DayName is the name of the weekday generated by the functions.

How it works
1.	It from the inside to the outside. 
2.	WeekDay functions returns the number the day of the week.
3.	WeekDayName looks at the value return by the WeekDay function and returns the name of the week day as Day Name

*SortOrder: Weekday([ServiceDate])*

This is a hidden column in the result of the query, it is used to SORT the value returned by WeekDay in Ascending so that the DayName is displayed as Monday, Tuesday, Wednesday and not in a random order. If the DayName column was sorted Ascending or Descending then you would display the incorrect order for the day of the week.

Note
I prefer to use Short Date as the format for a Date in a table.

----------


## Gandolfe1963

I have to design the database as stated due to the teacher requiring certain parameters. This is for a college Access & SQL course with a teacher who wrote the text, is ready to retire, and doesn't teach you anything but says look it up in the chapter or on the net! If you want to laugh at a college text book read "Customizing Access Databases with VBA and SQL" By Steven Gramlich

----------


## Allan Murphy

I do not have access to the book in Australia. 
What is the chapter contents, is it just basic query design? 
Do you need to create 7 queries one for each day of the week as per the teacher's requirements? If you need to create 7 queries I will send you an updated version.

----------


## Allan Murphy

In the attached database I have added the following queries.
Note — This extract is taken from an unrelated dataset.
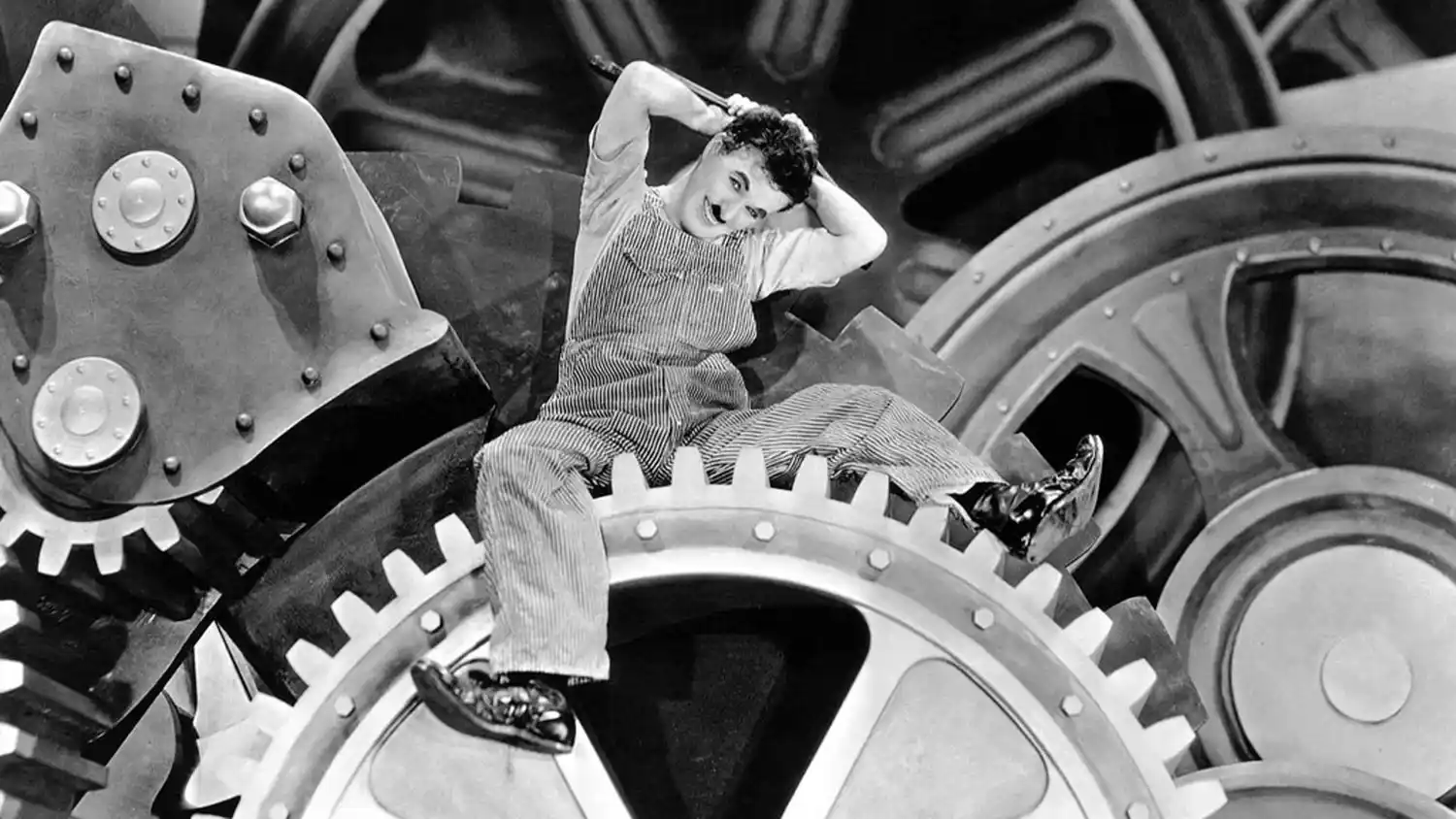 Charles Chaplin y uno de los grandes hitos en la historia del cine relacionado con el mundo del trabajo: "Tiempos modernos":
*TuesdayCount* - this the same as DayNameCount but the criteria is Tuesday, This will the number of jobs scheduled for Tuesday

*WednesayRecords* - Use the same method as DayNameCount to determine the day of the week but the criteria is Wednesday. This give all the records that are scheduled for a Wednesday.

*WednesdayCount* - is a query that counts the number of jobs that are scheduled for a Wednesday.

Using the Tuesday or Wednesday method create the queries for the remaining days of the week by changing the criteria to the selected day of the week.

If this is not suitable what are the actual parameters?

----------


## Gandolfe1963

Your suggestions really helped me figure it out! I think I have what the teacher requires!  Thanks alot

----------


## Allan Murphy

Good luck with your course. If you need more assistance just post to the forum.

----------


## Gandolfe1963

It's a hard course because the teacher sucks so bad, and you have to try to interpret what the books says because it's either vague or omits steps needed or asks for the wrong procedure to perform.

----------